Supplied material:
>>
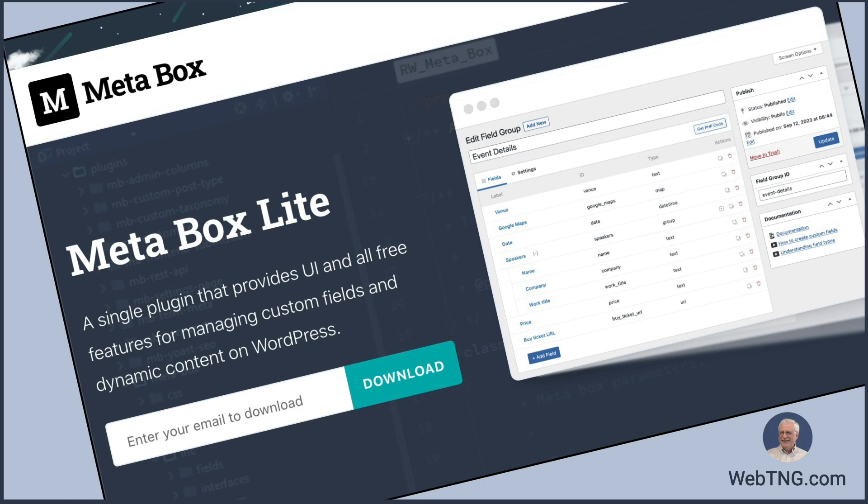However, for power users and end users who weren't developers, dealing with a lot of different extensions was cumbersome. And now the Metabox team has released a solution for non-developers that streamlines our workflow while still allowing developers to proceed and use Metabox in the very modular fashion.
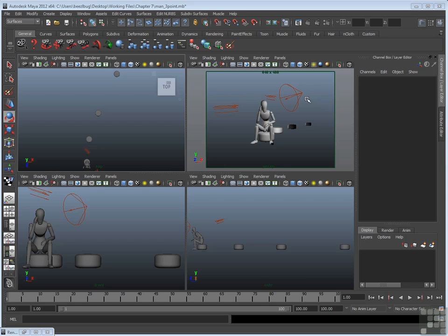In this video, I'm going to discuss cameras in more detail. So far through this video series, we've just used the default Persp camera for rendering, for looking at the scene, and so on.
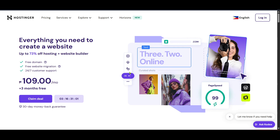First things first, we need to head over to the Hostinger website. Open your preferred web browser and type in hostinger.com. This is the place where your ideas come online, offering a range of hosting services tailored to various needs.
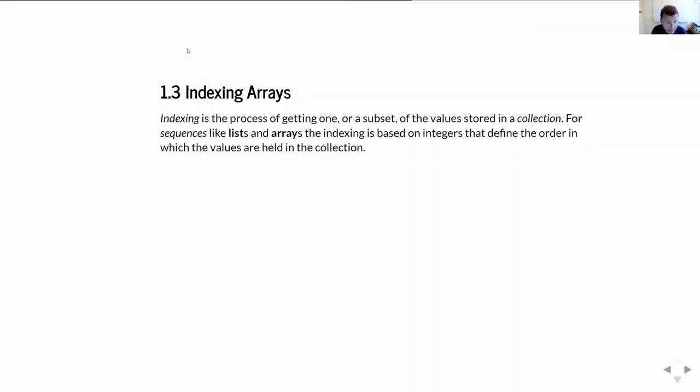In this tutorial on numpy arrays, I want to talk about accessing the information in your array — so indexing the arrays.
<<
Aim of the task: Retype all the data exactly. Omit pictures.

Exercise result:
However, for power users and end users who weren't developers, dealing with a lot of different extensions was cumbersome. And now the Metabox team has released a solution for non-developers that streamlines our workflow while still allowing developers to proceed and use Metabox in the very modular fashion.
In this video, I'm going to discuss cameras in more detail. So far through this video series, we've just used the default Persp camera for rendering, for looking at the scene, and so on.
First things first, we need to head over to the Hostinger website. Open your preferred web browser and type in hostinger.com. This is the place where your ideas come online, offering a range of hosting services tailored to various needs.
In this tutorial on numpy arrays, I want to talk about accessing the information in your array — so indexing the arrays.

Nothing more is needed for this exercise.